▸ TASK DIRECTIONS
Each line of the material must be reproduced exactly; pictures stay out.
RECORDED DATA Block Start
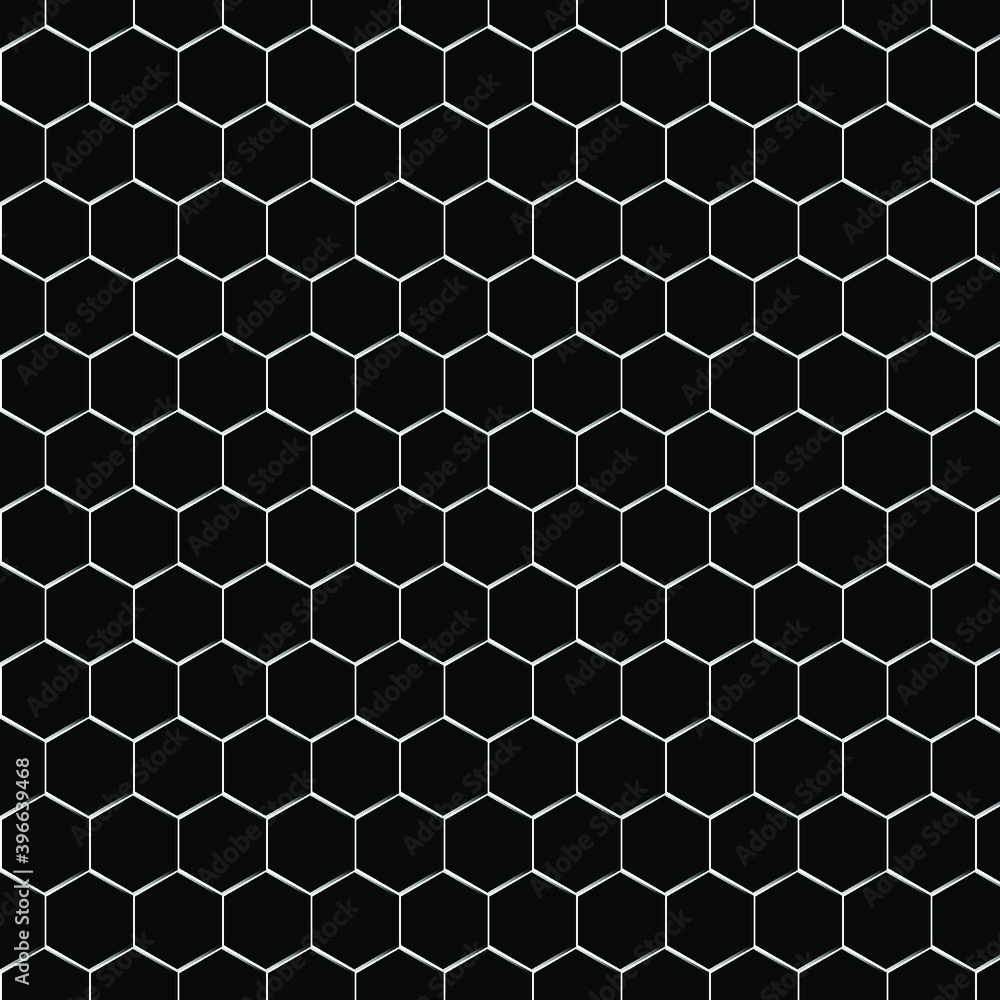 Modern hexagon lines on black background, vector hexagon pattern with grey silver lines on black vector background. Luxury backdrop template for product image, landing page, web design Modern hexagon lines on black background, vector hexagon pattern with grey silver lines on black vector background. Luxury backdrop template for product image, landing page, web design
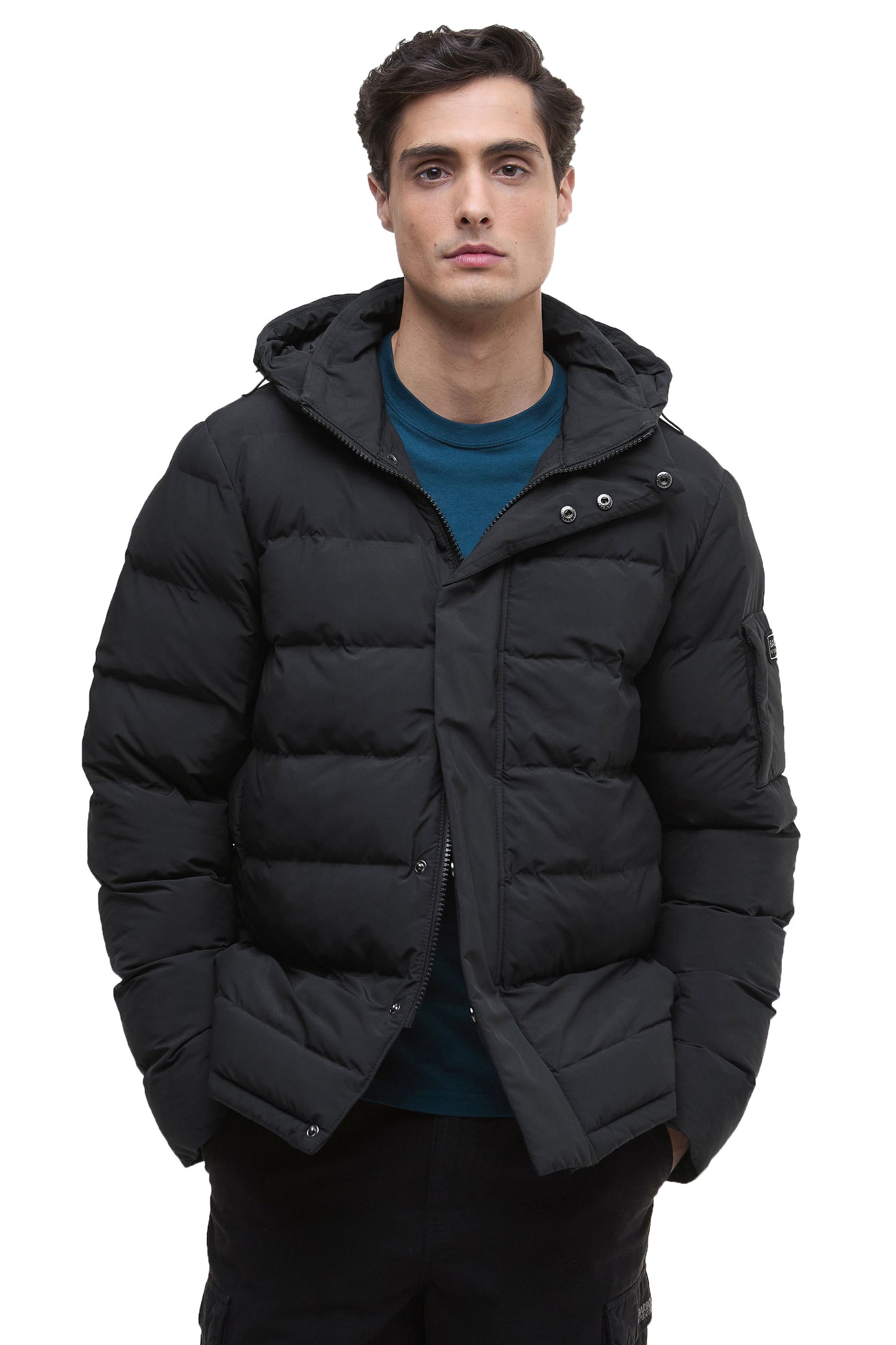 Barbour International Daleson Puffer Black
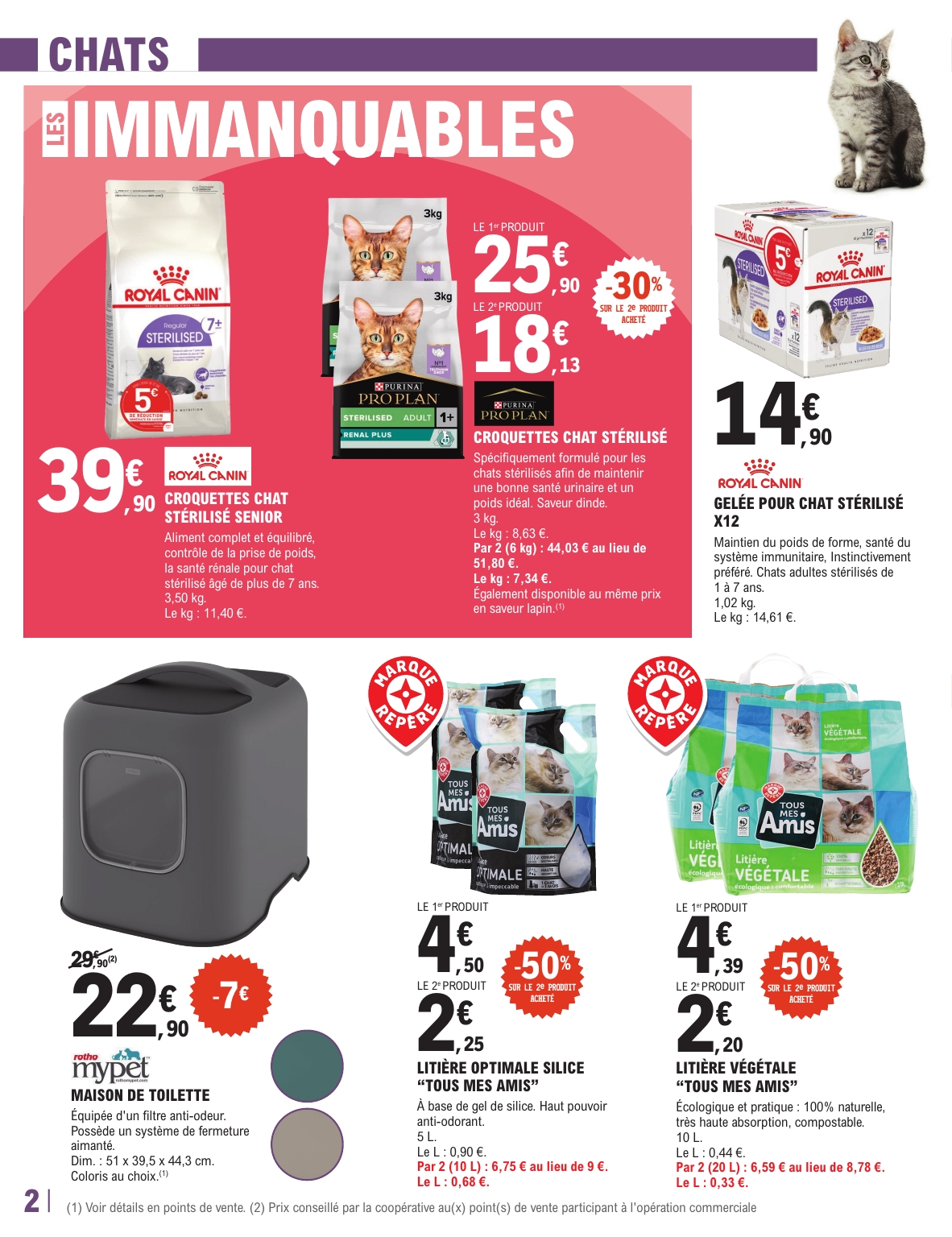 e-leclerc - Catalogue E.Leclerc - Pour vos animaux valable dès 20/05 - 31/05 - page: 2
RECORDED DATA Block End
▸ TASK RESULT
 Modern hexagon lines on black background, vector hexagon pattern with grey silver lines on black vector background. Luxury backdrop template for product image, landing page, web design Modern hexagon lines on black background, vector hexagon pattern with grey silver lines on black vector background. Luxury backdrop template for product image, landing page, web design
 Barbour International Daleson Puffer Black
 e-leclerc - Catalogue E.Leclerc - Pour vos animaux valable dès 20/05 - 31/05 - page: 2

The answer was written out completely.